We actually do own the duplex we live in. But we have to pay our business the equivalent of full rent for a two-bedroom apartment to make the mortgage payment and maintenance, even with the other tenants' rent. If we moved to a cheaper neighborhood, I wouldn't be able to bicycle to work and I'd have to buy a car, which would definitely mess up our green ambitions.

Fiddler said...

Thought provoking, we talk about these things in general terms in our household, but keep putting off taking a big stand to cut spending... Thanks for the inspiration to visit this again!

M said...

Good discussion - one hope is that as organics go more and more mainstream, the cost to produce them will go down - allowing us to eat healthy, cheaply. Here in California, it's not groceries so much as housing that is the culprit- driving young families further and further from urban centers to avoid a house.

Kate said...

Childcare seems like such a huge cost for many. What about trading childcare? Looking after a friend's child when you can and asking them to return the favor when possible.

Also, if your comment was about Central City, the shares are kept until 6:30 pm on Wednesday. I volunteer every Wednesday until close, so I could always hang on to it for you if you were running late. Let me know! ouicestca @ gmail.com

Anonymous said...

Figuring out how to finance a lifestyle that is meaningful is incredibly difficult, and something my husband and I evaluate often. We choose to live in the city so we don't have to own a car, can walk almost anywhere we need to go, etc., but we end up paying much more in rent. Owning a condo is not even something we can consider at this point. Part of the reason for that is the career choices we've made -- we both experienced the soul sucking void that is corportate America and have opted to do more meaningful things with our lives. Unfortunately those things don't pay well.

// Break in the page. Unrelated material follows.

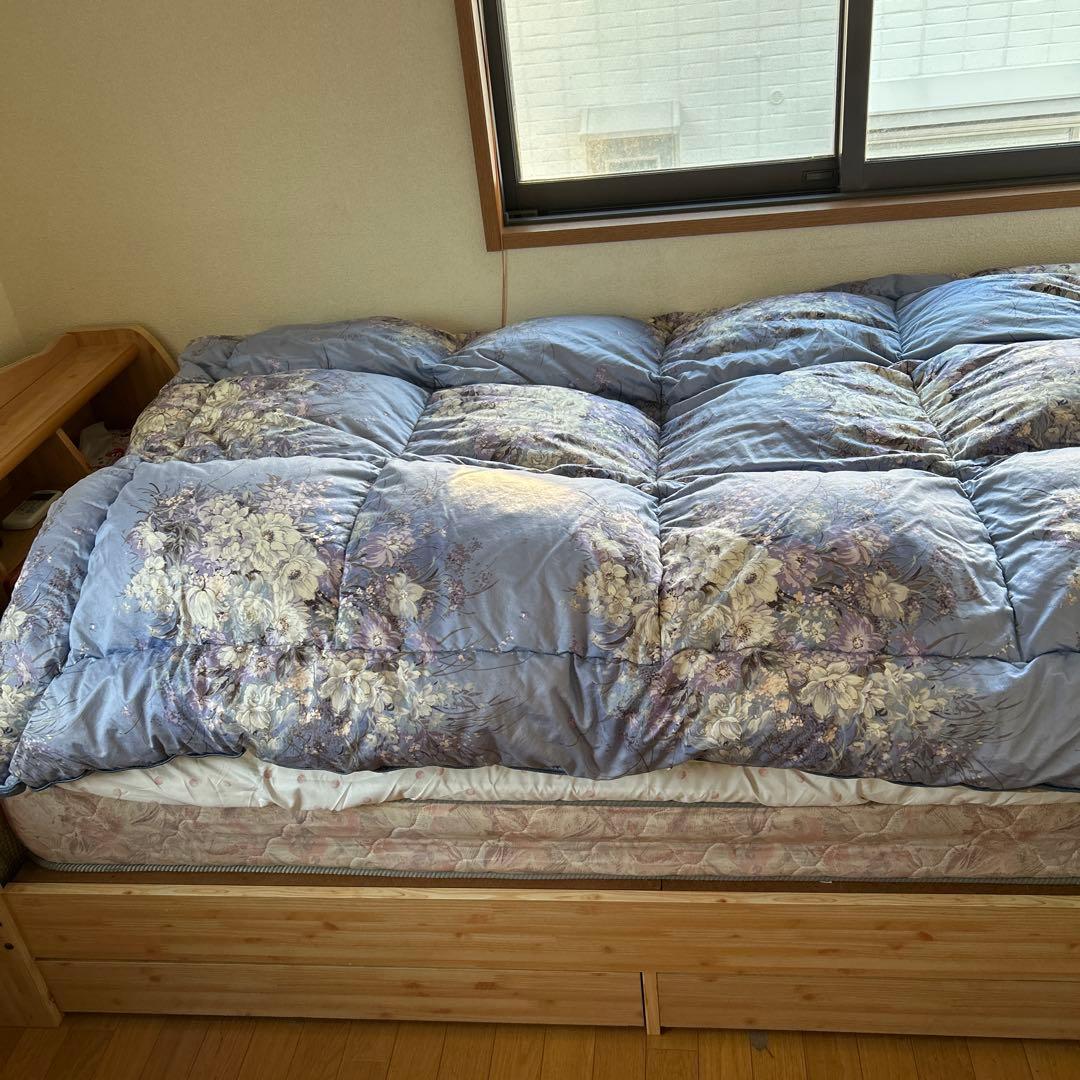 ①綺麗！来客用　花柄羽毛布団　掛け布団　たっぷり1.4kgふかふかあったかい！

And purchasing organic foods (mostly at Whole Foods and at farmers markets when they are open) is indeed costly, but something important to us.

So our choices result in us doing without a lot of the things some of our other friends and colleauges choose to pay for -- big TVs, fancy cars, cable. But those things just aren't as important to us and in general we're very comfortable with the choices we've made.

But it isn't easy to strike that balance. I wish you well in re-creating your budget, and hope you can maintain all of the things that are most important to you.

Henitsirk said...

We're in the same place you are, except I'm at home with the kids and squeeze a little freelance work in where I can. We also have very low transportation costs, our rent is subsidized by my husband's employer to be much lower than the market rate, and we buy far less organic food than we would like. Sometimes I'm frustrated that we have to buy so many conventional foods, but would it be worth it for me to get a full-time job just for that? So hard to decide these things.

cake said...

i too appreciate such a frank discussion on finances.

i have a couple of suggestions: drop the land line, and just use cell phones. the company we use (not that i am recommending it, i know very little about this) allows us to have two numbers/phones for a pretty reasonable rate. then we use cable for our internet, and got a discount by going through earthlink. i bet you already know that randalls is carrying more and more organic food, and i have found that whole foods has the lowest prices in town on a few select items. but i think you guys are already really good at scouting out bargins on groceries, using coupons etc. the co-op is worth the effort, maybe saturdays would work better than wednesdays?

i do wish you luck, and i thank you for inspiring me to take a closer look at our budget.

Jaime said...

if you live in even somewhat of a suburban or urban area, skip paying for internet and go to places that have free wifi.

as well as the two cell phones, explore the option of having a land line and one shared cell phone to see which is cheaper.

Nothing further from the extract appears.